Also, in the highly watched case against the deportation order served on the Columbia University student Mahmoud Khalil, a Palestinian with Green Card status and married to a fellow Palestinian who is a US citizen, the courts have ordered the government to stop the deportation process until the case is resolved. Mr. Khalil was a prominent leader of the student protests at Columbia against the Israeli devastation of Gaza, and the District Judge ordering the temporary ban on deportation is Jesse Furman, an exceptionally qualified American Jew who was appointed by President Obama and was once touted as a potential Supreme Court judge.
The wider push-back is mostly overseas and is predicated on retaliatory tariffs by countries that Trump is imposing tariffs against. In different ways and for different reasons, China and Canada are aggressively pushing back. Mexico is resorting to both flattery and firmness. And the EU is launching a systematic response. Other countries will be forced into the fray if Trump lives up to imposing the much anticipated reciprocal tariffs against all countries that now charge tariffs on imports from the US.
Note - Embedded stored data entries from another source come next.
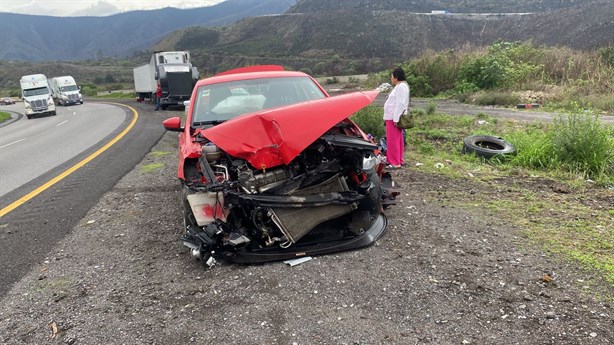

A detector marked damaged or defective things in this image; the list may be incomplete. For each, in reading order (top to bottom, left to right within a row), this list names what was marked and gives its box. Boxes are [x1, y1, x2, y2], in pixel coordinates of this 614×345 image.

crashed red car [161, 65, 398, 266]
detached car part on ground [164, 65, 400, 266]
crumpled car hood [200, 90, 380, 168]
exposed car radiator [270, 175, 356, 245] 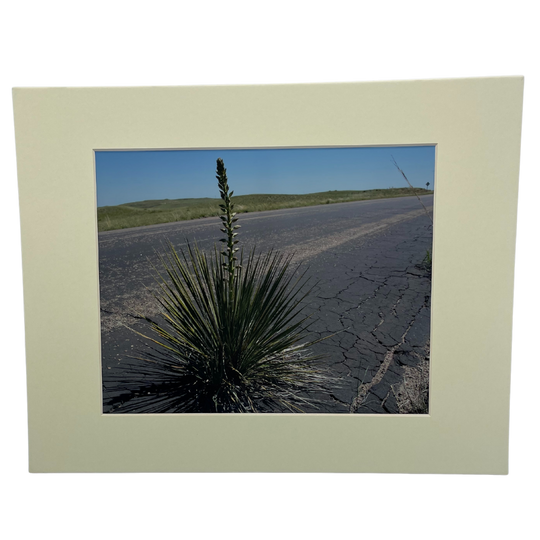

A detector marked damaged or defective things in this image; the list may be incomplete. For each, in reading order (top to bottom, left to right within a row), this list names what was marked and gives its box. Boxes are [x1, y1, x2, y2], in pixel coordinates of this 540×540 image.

cracked pavement [98, 195, 434, 414] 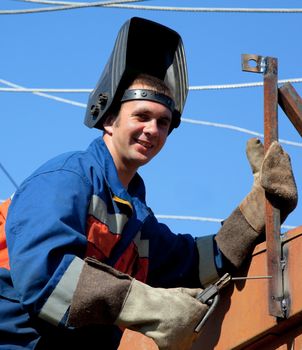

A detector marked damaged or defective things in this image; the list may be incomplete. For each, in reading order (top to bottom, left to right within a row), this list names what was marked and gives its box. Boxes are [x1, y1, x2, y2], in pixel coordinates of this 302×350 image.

orange rust surface [118, 227, 302, 350]
rusty steel beam [242, 53, 284, 318]
rusty metal post [241, 54, 286, 318]
rusty steel beam [280, 82, 302, 137] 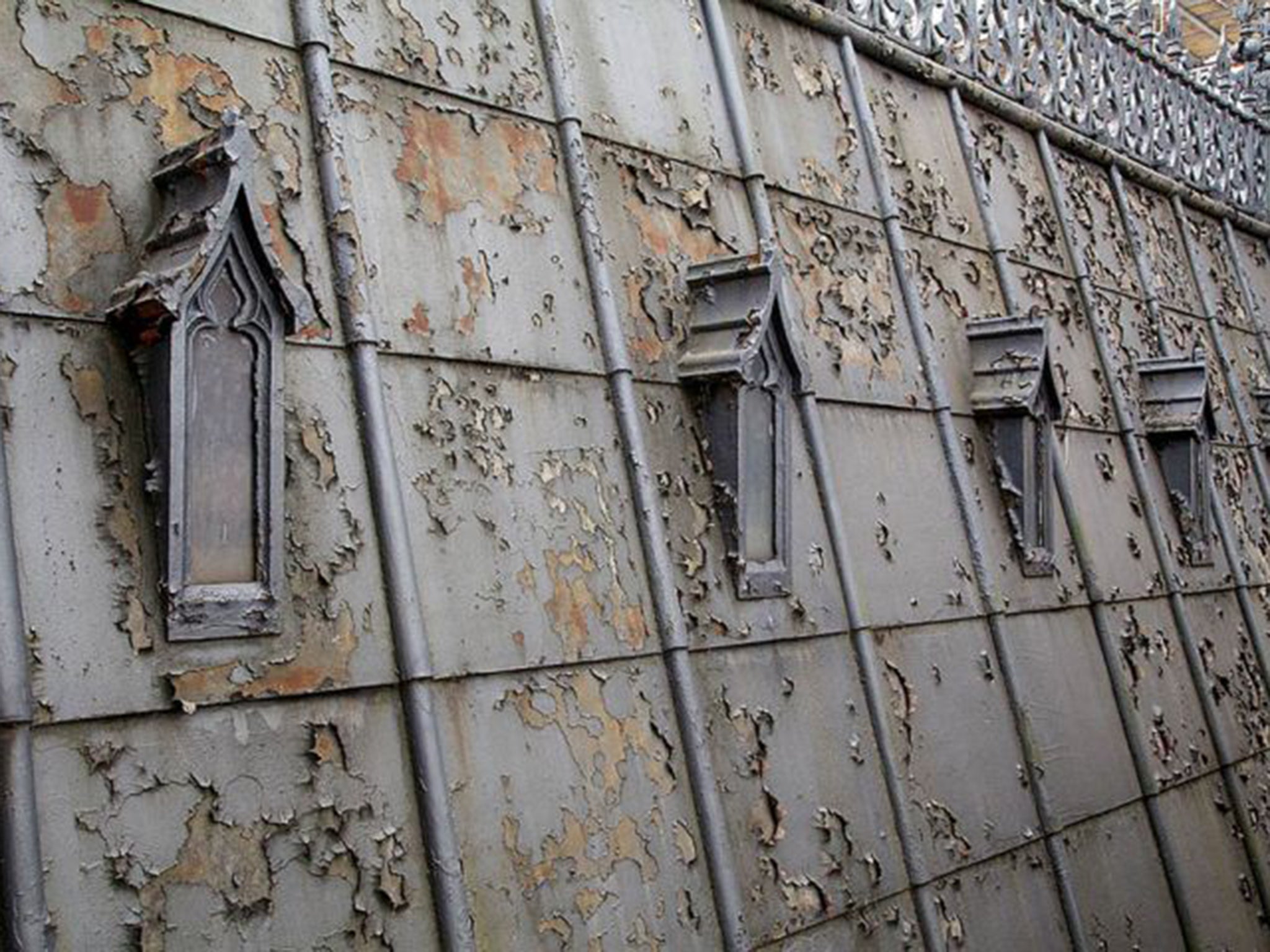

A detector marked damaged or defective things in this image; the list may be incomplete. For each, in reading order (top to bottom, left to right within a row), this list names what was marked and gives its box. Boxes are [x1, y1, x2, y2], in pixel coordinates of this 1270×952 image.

Even without tariffs their uncertainty has been enough to roil markets with stock indices plunging dramatically from the heights reached soon after the November election and the much promised regime of monumental tax cuts. One of the worst stock slumps has been that of Elon Musk’s Tesla. In what is being considered to be the worst such slide in the history of the auto industry, Tesla has lost all of the 90% increase in value it achieved after the presidential election and now gone lower than its pre-election value. Between December 2024 and March 2025, Tesla’s dollar worth fell from $1.54 trillion to $777 billion, a near 50% drop.
Tesla’s misfortune is a schadenfreude moment for those who abhor Musk for his political trespasses. Political aversion is certainly a factor in Tesla’s misfortunes and declining sales, but materially not the main one. Other factors that are more significant are issues with the brand products and stiff EV competition from China. But political distractions catch the eye, and protesters have been turning up at the Tesla dealers in the US. Trump called them the lunatic left and to boost his buddy’s products he even stage managed a sales pitch for Tesla vehicles at the White House driveway. And this is after executively rescinding all of Biden’s initiatives to boost the production and use of Electric Vehicles. What better way to make America great again?
Fighting Oligarchy
Political commentaries in the West are preoccupied with speculations over how, when and where all of Trump’s orders and initiatives will impact people’s lives and their politics in America. One comforting constant is the presidential term limit that will stop Trump’s presidency in January 2029, although Trump will never stop musing about a third term in office. Just like annexing Canada, purchasing Greenland and expropriating Gaza. Mercifully, he has not made any claim to immortality.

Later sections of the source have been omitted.